David writes it:  Friday is an ending for many, for it is the end of their workweek. One Friday in February, 1997, was for me the beginning of one of my most unusual book-sparked adventures. That day had been extremely exciting and rewarding. After weeks and weeks of cataloguing work and coordinating and letter writing, Philadelphia Rare Books and Manuscripts had sold a VERY LARGE collection to the rare book library of an Ivy League university north of Philadelphia.

But our day did not end at 5 or 6 p.m., for Cynthia and I were scheduled to attend a benefit auction at the Library Company of Philadelphia starting at 7. We were taking off our bookselling hats to put on our "friends of the library" hats.
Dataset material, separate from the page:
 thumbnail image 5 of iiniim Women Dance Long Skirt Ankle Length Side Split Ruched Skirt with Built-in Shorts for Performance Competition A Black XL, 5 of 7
A very good crowd was in attendance — everyone having paid $50 each for an exhibition, reception, and privilege of bidding in a silent auction and a live one as well. The silent auction featured such diverse items as medieval leaves, interesting Bibles, work to be done by a local binder, and a wide variety of good books and book-related items of many eras. The live auction was to be conducted by David Redden of Sotheby’s (New York office). It featured such prizes as an illuminated manuscript, a crystal elephant by Lalique, a week’s stay during the summer at a cabin in Booth Bay Harbor, Maine, and an afternoon of sailing off Newport–Jamestown, Rhode Island, coupled with a personal tour of one of that old resort area's splendid "cottages."

The Library Company's food was delicious, the drink was ample, the exhibition and the general conversation were lively — and the silent auction attracted decent if not spirited bidding. But in spite of David Redden's best efforts, the live auction that night was "dead"! When Cynthia started the bidding on the crystal elephant, an early-up item, she and the auctioneer got NO response — so she turned around to tease the crowd by saying, "Come on, surely the Republicans here won't let a Democrat buy this for so little — ?" But it looked like the crowd was going to do just that. So, I bid against her, saying helpfully, "Actually, she's a Socialist!" Even this call to arms did not result in an adherent of the GOP coming to the rescue of its mascot and symbol, so Cynthy and I continued bidding against one another until we had brought the price up to the donor’s stated value.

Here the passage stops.